Dr Brightson made the comment when the Street Sense Organisation, an NGO championing road safety in the country, presented branded mattresses and washing soap worth over GHC 37,000 to the hospital. 
He, therefore, called on the government to look at the situation and see how best to come up with policies that would help address it. 
“It is a continuous thing. Only yesterday one of nurses left us. This is not only happening in Shai Osudoku hospital, but it cuts across all other hospitals in the country.” 
He said another challenge facing the hospital was electricity supply and expressed the hope that government was working around the clock to solve the problem. 

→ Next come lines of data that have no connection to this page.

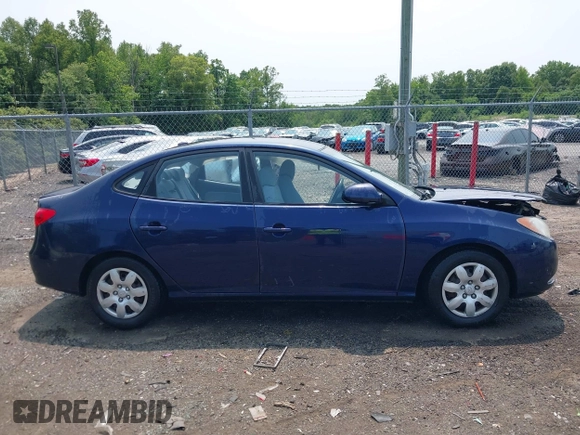 2009 Hyundai Elantra SE z VIN KMHDU46D99U597299, wystawiony jako IAAI lot #42395907 z przebiegiem 141 628 mil mil oraz . Historia ofert i sprzedaży dostępna na DreamBid. Obrazek 14.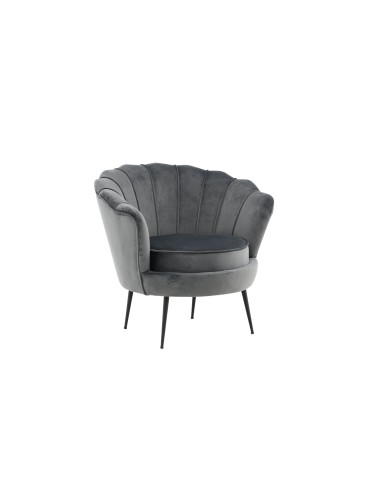 Fåtölj Calais, 83 × 77 cm, Dark Grey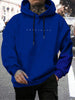 Originale | Kapuzenpullover für Herren mit Buchstabenprint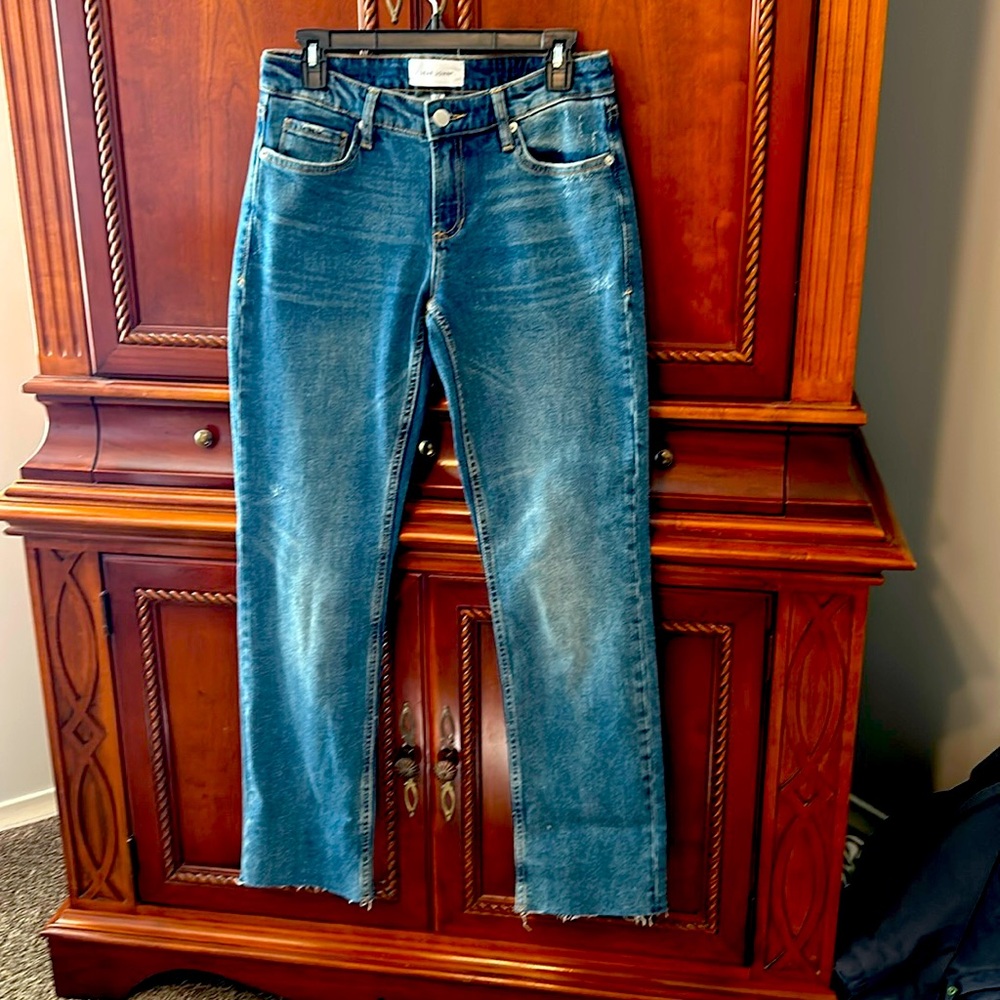 DEAR JOHN jeans with raw hem and light distressing Size 28 Playback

“The problem we have here is that we spend a lot of money on fuel to keep the hospital running. I am thinking that we have a very vast roof that hits the sun rightly from 7 am and this vast roof can be converted into a solar farm, so we can harvest power from the farm and use it,” he added. 
On maternal mortality, he said: “These days, periodically, we get one or two or three, just because everybody when they are practically dying somewhere else, they push them here, so sometimes by the time we turn around to save them they die. But when you die on our compound you become our statistics, you become our data.” 
Dr Brightson said that for five consecutive years, not long ago, with increasing antenatal attendance and increasing deliveries, they maintained zero maternal mortality. 
He said even during the COVID-19 era, in 2020, they were the only hospital that saw an increase in deliveries of 9.6 per cent and in 2022 it also increased by about 6.7 per cent. 
“So, it means that every pregnant woman targets our hospital as a place they can have safe deliveries. It does not necessarily mean that we are the best, but we are only trying to be the best.” 
He attributed their success story to their teamwork, adding, “when you move around and you see the place, the first thing that comes to mind is that this place has no challenges.”